Data provided below:

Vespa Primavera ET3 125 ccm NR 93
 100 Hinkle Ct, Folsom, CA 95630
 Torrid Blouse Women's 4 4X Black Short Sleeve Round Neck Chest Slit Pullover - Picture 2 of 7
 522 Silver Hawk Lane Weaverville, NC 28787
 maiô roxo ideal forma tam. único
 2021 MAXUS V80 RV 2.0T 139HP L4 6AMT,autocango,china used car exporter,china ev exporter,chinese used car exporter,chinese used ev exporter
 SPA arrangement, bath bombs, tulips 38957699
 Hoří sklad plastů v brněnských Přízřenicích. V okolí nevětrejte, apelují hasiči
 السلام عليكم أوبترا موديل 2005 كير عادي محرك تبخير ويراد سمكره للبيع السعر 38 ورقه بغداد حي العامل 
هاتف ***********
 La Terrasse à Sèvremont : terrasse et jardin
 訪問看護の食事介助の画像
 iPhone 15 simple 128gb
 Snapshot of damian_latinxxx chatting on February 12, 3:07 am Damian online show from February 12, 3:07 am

End of Data provided.

* [Problem to work on]:
Print the entries exactly.

* [Response to this task]:
Vespa Primavera ET3 125 ccm NR 93
 100 Hinkle Ct, Folsom, CA 95630
 Torrid Blouse Women's 4 4X Black Short Sleeve Round Neck Chest Slit Pullover - Picture 2 of 7
 522 Silver Hawk Lane Weaverville, NC 28787
 maiô roxo ideal forma tam. único
 2021 MAXUS V80 RV 2.0T 139HP L4 6AMT,autocango,china used car exporter,china ev exporter,chinese used car exporter,chinese used ev exporter
 SPA arrangement, bath bombs, tulips 38957699
 Hoří sklad plastů v brněnských Přízřenicích. V okolí nevětrejte, apelují hasiči
 السلام عليكم أوبترا موديل 2005 كير عادي محرك تبخير ويراد سمكره للبيع السعر 38 ورقه بغداد حي العامل 
هاتف ***********
 La Terrasse à Sèvremont : terrasse et jardin
 訪問看護の食事介助の画像
 iPhone 15 simple 128gb
 Snapshot of damian_latinxxx chatting on February 12, 3:07 am Damian online show from February 12, 3:07 am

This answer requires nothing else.